Wanda Sports Group Co.’s diminished aspirations for its initial public offering may not suppress Chinese companies’ appetite for US listings — but the performance of many newly public stocks might at least give them pause.

On Wednesday, the Beijing-based sports promoter, a unit of billionaire Wang Jianlin ’s conglomerate Dalian Wanda Group Co., downsized and cut the offer price for its IPO set for Thursday. Instead of raising $500 million by selling 33.3 million American depositary shares for $12 to $15 each, Wanda Sports is now shooting for 28 million shares at $9 to $11 to raise as much as $308 million.

Wanda Sports will become the 17th China-based company to list in the US this year, according to data compiled by Bloomberg. That compares with 35 US IPOs by Chinese companies for all of 2018. This year’s listings have included household names such as DouYu International Holdings Ltd. and Luckin Coffee Inc.

Despite US-China trade tension and calls from lawmakers on increasing oversight on US listed Chinese companies, cross-border IPOs remain strong. Assuming the second half of the year sees the same number of IPOs as in first half, 2019 will be the second-biggest year for US listings by Chinese companies since 2010, just behind 2018.

‘Discussion Point’

While strained trade relations are a “discussion point in every conversation” with Chinese executives considering US listings, they aren’t a limiting factor, said Nasdaq Inc. Senior Vice President Bob McCooey, head of the exchange’s Asia-Pacific listings business.

“Our pipeline has never been stronger for companies looking to access the US markets,” McCooey said in an interview. “The reality is we’re tracking well over 100 companies that could be public by end of 2020.”

Listing venues that are closer to home are also competing for deals. This month, China launched a Nasdaq-style trading venue in Shanghai that aims to make it easier for high-tech companies to access funding.

Relaxed Rules

Hong Kong, known for its protectiveness of mom-and-pop investors, has relaxed its rules by allowing companies to list with dual-class shares after rejecting the notion for years. Alibaba Group Holding Ltd., people familiar with the matter have said, has filed confidentially for a second listing in Hong Kong after choosing the New York Stock Exchange for its record $25 billion IPO in 2014.

The performance of Chinese companies once public in the US may be cause for caution though. Ten of the 16 companies that have gone public this year are trading below their IPO price, the data shows.

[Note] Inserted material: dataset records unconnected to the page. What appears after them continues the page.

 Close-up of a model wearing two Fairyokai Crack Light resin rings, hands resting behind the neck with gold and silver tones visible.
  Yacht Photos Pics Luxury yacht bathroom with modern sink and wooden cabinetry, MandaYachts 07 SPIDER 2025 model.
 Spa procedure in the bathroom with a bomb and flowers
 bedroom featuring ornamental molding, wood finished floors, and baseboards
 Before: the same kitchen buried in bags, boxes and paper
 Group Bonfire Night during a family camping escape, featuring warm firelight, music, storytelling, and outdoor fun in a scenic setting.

Ruhnn Holding Ltd., a Chinese company that promotes e-commerce through online influencers, has fallen 70% since its $125 million IPO in April, making it the worst performer of the 149 US listings this year.

Slowing Economy

“We are finding some weakness in sentiment over US-China trade tensions and overall weakness in the China ADR stocks as a result of increased concern over a slowing economy in China,” said Brandi Piacente, president of The Piacente Group, which advises Chinese companies on listing in the US

Still, US listings remain “the preferred method to access capital and build a long term future,” Piacente said.

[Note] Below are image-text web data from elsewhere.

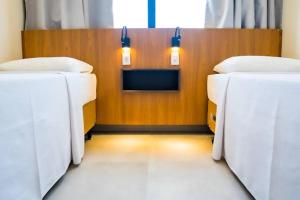 a room with two beds in a room with lights at salinas premium resort in Salinópolis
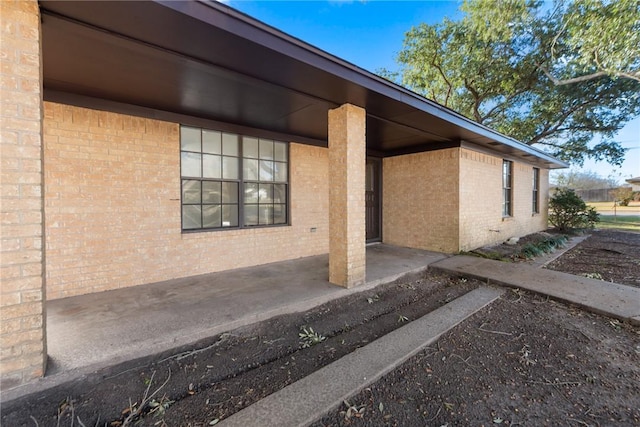 view of home's exterior with a patio area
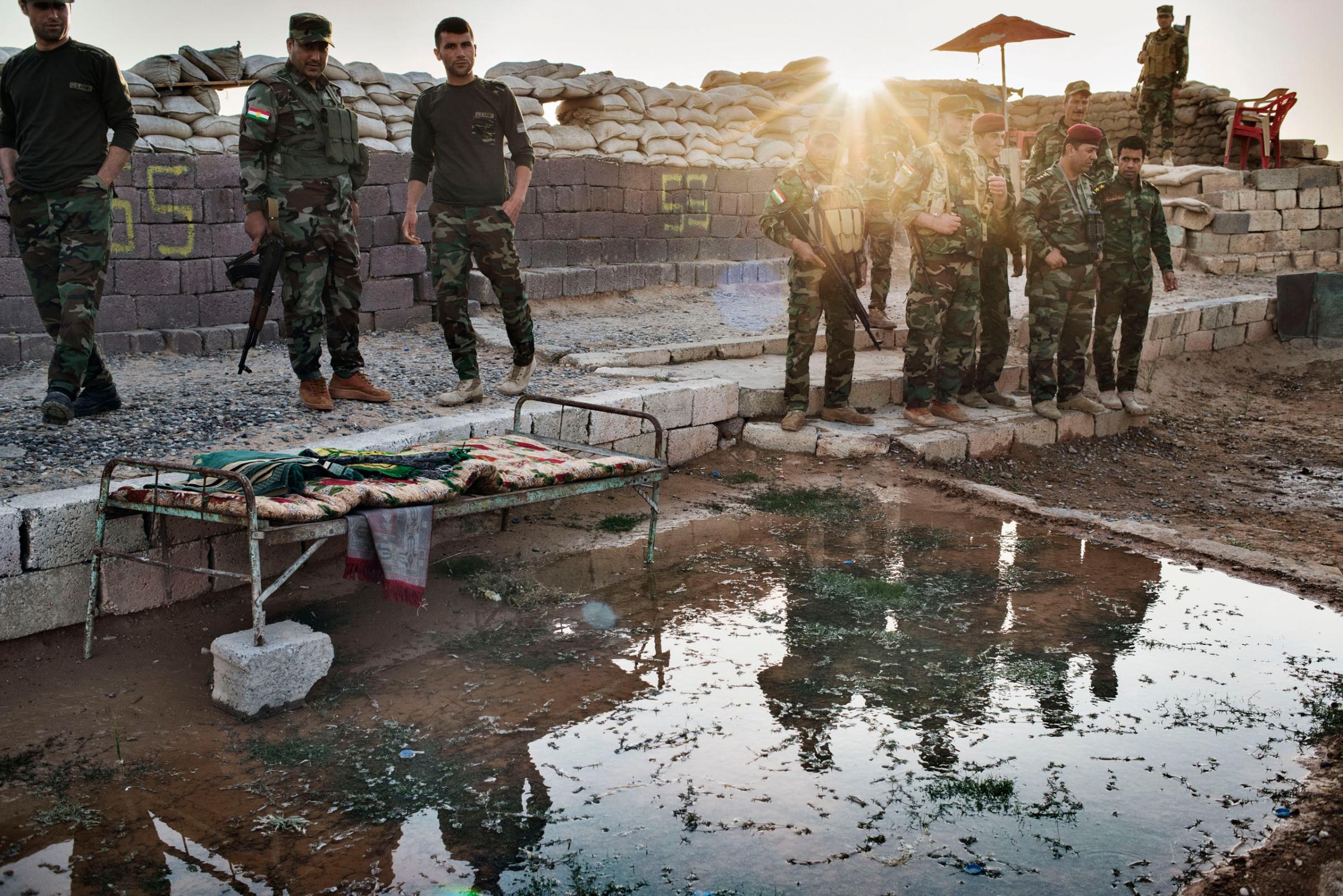 Kurdish Peshmerga at a small outpost near Makhmour, Kurdistan, northern Iraq, May 8, 2016. These fighters, many armed only with Russian AKs, blocked the ISIS advance into Kurdistan in 2014 after tens of thousands in the Iraqi Army that were trained and equipped with U.S. tanks and artillery fled, abandoning equipment and shedding their uniforms. In late 2015, the Peshmerga quietly opened their base in Makhmour.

Of the 87 Chinese firms that have gone public in the US since Jan. 1, 2016, only 23 are trading above their IPO price.

The stocks are under-performing both domestic shares and the S&P 500. The S&P/BNY Mellon China ADR index has generated a return of 13.8% this year, compared to 19.8% for the S&P 500 and 17.8% offered by Shanghai Stock Exchange Composite Index.

Faring Better

The 181 Chinese companies that have listed domestically this year, including in Hong Kong, have fared better. Shares in those companies are up an average of 69%.

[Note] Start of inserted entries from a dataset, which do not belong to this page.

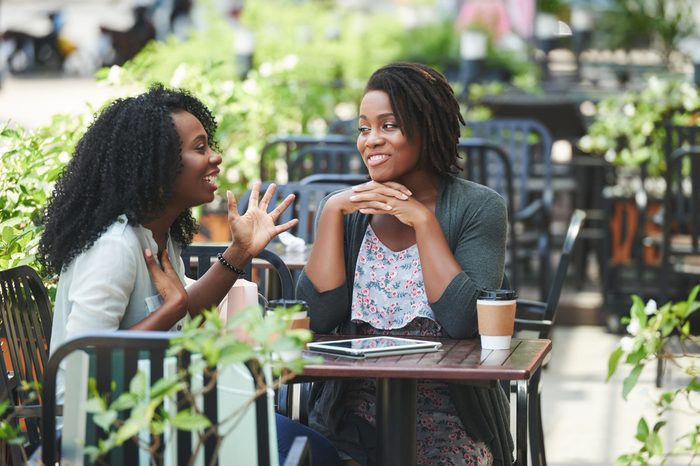 Pretty African-American woman telling story to her female friend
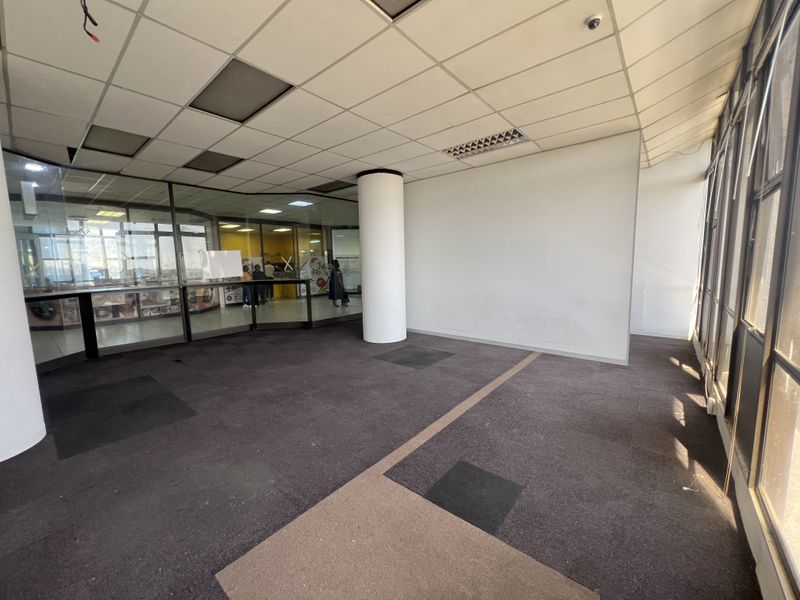 Empty open-plan retail space featuring suspended ceilings, structural columns, glass partitioning, and carpeted flooring, suitable for various commercial business layouts.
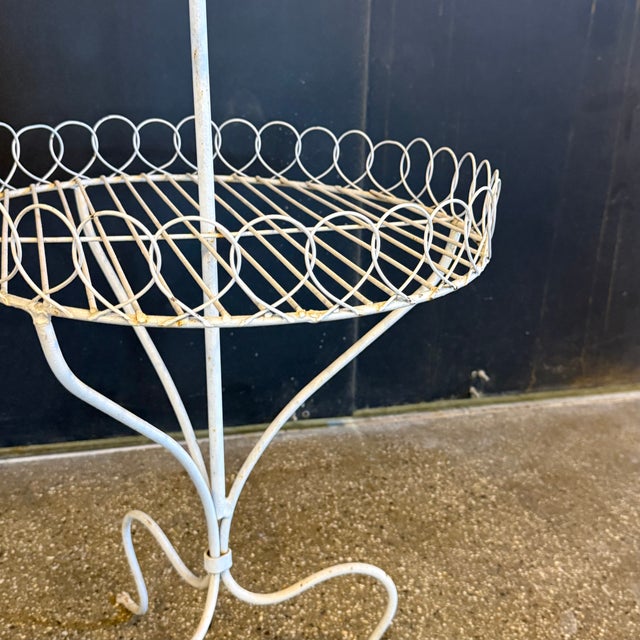 This charming vintage plant stand features a white-finished wrought iron frame with two tiered circular shelves bordered...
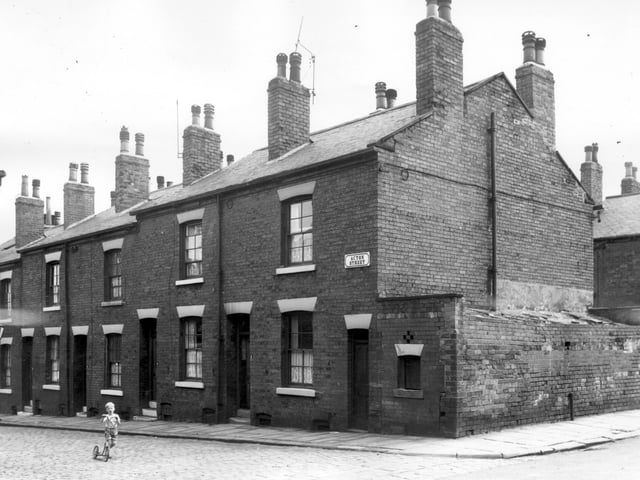 A small boy rides his scooter on Acton Street from the junction with Kiln Street. The end door and window on the right are those of a block of several outside toilet facilities for the use of the street. It was an area designated for clearance in line with the Housing Act of 1957.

The path of a US listing sometimes has bumps in it.

DouYu delayed its debut for two months, due to market jitters on trade in May. Semiconductor Manufacturing International Corp, a major Chinese chipmaker, delisted its American depository shares in June, citing low trading volume and the “significant administrative burden” in the US.

Wanda Sports is set to price its shares Thursday and begin trading Friday. It is required under a covenant to use some of the IPO proceeds to repay an 11.5% loan related to the group’s restructuring, with the rest to fund investments and for general corporate use, it said in its filing.

The offering is led by Morgan Stanley, Deutsche Bank AG and Citigroup Inc. Wanda Sports is expected to trade on the Nasdaq Global Market under the symbol WSG.